Vielleicht steckte auch die Kreiter-Troidl-Mörderbande mit dem Rosenmüller
unter einer Decke. Ich versuchte mich zu erinnern, ob ich dort nicht doch etwas
Verdächtiges gesehen hatte. Vielleicht ein Bein vom Ernsdorfer oder so.
    Ich hyperventilierte schon wieder so schlimm, dass ich in Erwägung
zog, einen Gehirntumor zu haben oder kurz vor einem Herzinfarkt zu stehen. Brav
begann ich wieder mein »Kommt ein Vogel geflogen« zu summen.
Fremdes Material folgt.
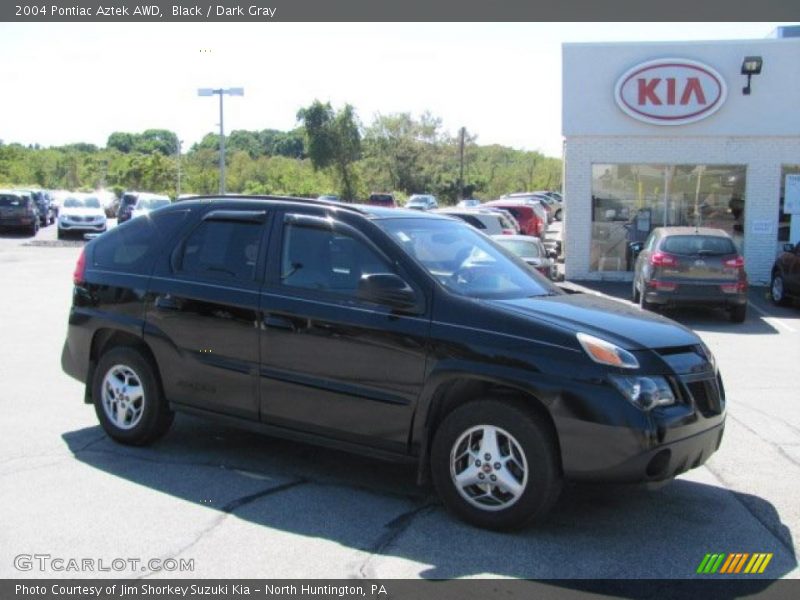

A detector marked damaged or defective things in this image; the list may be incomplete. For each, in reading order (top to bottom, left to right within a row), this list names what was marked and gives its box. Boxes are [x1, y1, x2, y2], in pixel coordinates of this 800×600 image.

pavement crack [136, 476, 308, 580]
pavement crack [354, 502, 434, 580]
    Wenn ich weiterhin so hysterisch war, konnte ich gleich auch meinen
Job aufgeben. Da hatte ich heute Nachmittag nämlich wirklich nicht »den Teufel
zerrissen«, um mit den Worten meiner Großmutter zu sprechen. Und ob mein Chef
verstehen würde, dass ich bei Bedrohung durch Drohbriefschreiber weder einen
Ernsdorfer zu finden noch einen Artikel darüber fertig zu schreiben in der Lage
war, war fraglich.
    Ich war gerade bei der Stelle »setzt sich nieder auf mein Fuß«
angelangt, als ich plötzlich jemanden auf der Straße reden hörte. Erst verstand
ich nichts, aber die Stimme kam näher, und das Gespräch wurde deutlicher. Es
war zwar eine einseitige Unterhaltung, denn man hörte nur eine Männerstimme,
aber es war eindeutig an jemanden gerichtet.
    Â»Du hast mir nix zu sag’n. Nix. Sag i nur. I bin …« Die Stimme
geriet ein wenig ins Wanken. »I bin alt g’nug. Hast scho allaweil g’sagt, alt
g’nug, geh und mach, was d’ meinst.«
    Ich kniff die Augen zusammen und versuchte durch die Büsche zu
erkennen, wer alt genug war. Derjenige hielt sich gerade etwas gekrümmt an
unserem Gartentürl fest und atmete anscheinend ein paarmal tief durch. »Geh,
hast erst gestern g’sagt. Geh, und mach, was d’ ned lassen kannst. Und
hintennach brauchst ned jammern.«
    Es hörte sich sehr jämmerlich an, was der Mann von sich gab, und die
andere Person schwieg beharrlich. »Hab nie g’jammert«, stieß der Mann noch
jämmerlich hervor – und dann hörte man ein gewaltiges Rülpsen.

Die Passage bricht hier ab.